Throughout Philadelphia, crumbling factories recall a faded past. But in the wooden beams that once held them up—century-old timber taken from vanished virgin forests—Steve Ebner sees beauty, opportunity and a chance at renewal. “You can’t get better than this,” he says, gesturing toward the massive stacks of reclaimed wood that make up the stock of his business, Manayunk Timber, Inc. For 25 years, Ebner has been refashioning those beams into boards for use in new construction—a career that has quietly extended the memory of our city’s departed industry. “I just love cuttin’ them, man,” says Ebner of the 19th-century girders.

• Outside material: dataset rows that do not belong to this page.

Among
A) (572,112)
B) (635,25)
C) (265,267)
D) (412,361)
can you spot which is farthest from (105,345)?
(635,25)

Ebullient in a Stetson, checked shirt, blue jeans and boots, the 57-year-old Northeast Philly native exudes a deep devotion to his work. “I can go back in time, just for a second,” he says of sawing through each beam.
And on his lot, tucked away in a gravelly corner of Manayunk, there is plenty of history: Current inventory includes logs from a paper mill along Frankford Creek, as well as supports from an evaporator plant at 17th and Clearfield and a canvas factory at 4th and Brown. Prior to the buildings’ demolition, Ebner bids on their steel-strong wood—a process he describes as “competitive.” If he wins, the beams are trucked here, where they’re methodically stacked with a forklift. Then it’s usually only a matter of “days or weeks” until orders come from builders and contractors, hoping to use his freshly hewn antique planks in everything from cabinets to counters to flooring.

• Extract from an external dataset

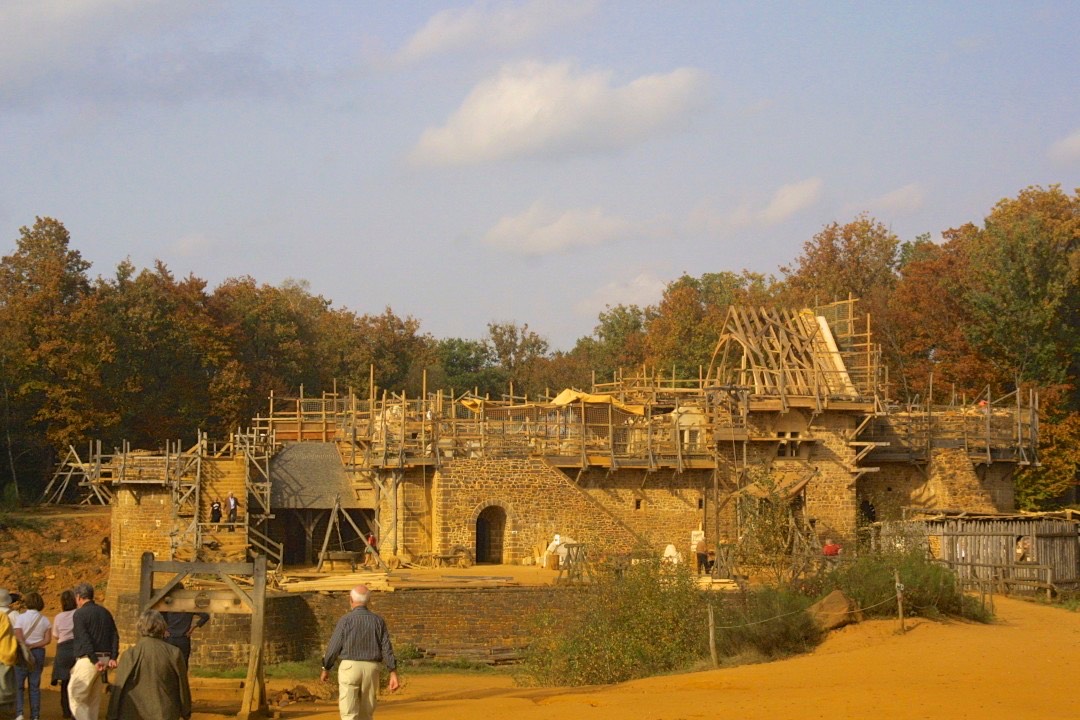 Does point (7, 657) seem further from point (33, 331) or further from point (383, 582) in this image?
point (33, 331)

Ebner got his start in 1981 as a carpenter, and his mentor, Ben Brown, passed along an enthusiasm for wood that the years have done little to diminish. “A light bulb [went] off,” he says of the moment when occupation merged with passion. “I got addicted to wood, and that was it.” Ebner supplements his habit by turning windblown trees into boards and mulch—every scrap reused—and crafting furniture from cypress, cedar and redwood, gleaned from the long-gone Schmidt’s brewery.
But whatever the product, the materials and the process are what drive him. “Wood is more beautiful when you think about it,” he says. “It’s the greatest renewable resource.” Holding out three fingers, he ticks off a quick list of precious items: “Wood, diamonds, gold—I don’t know… it could go one, two, three.”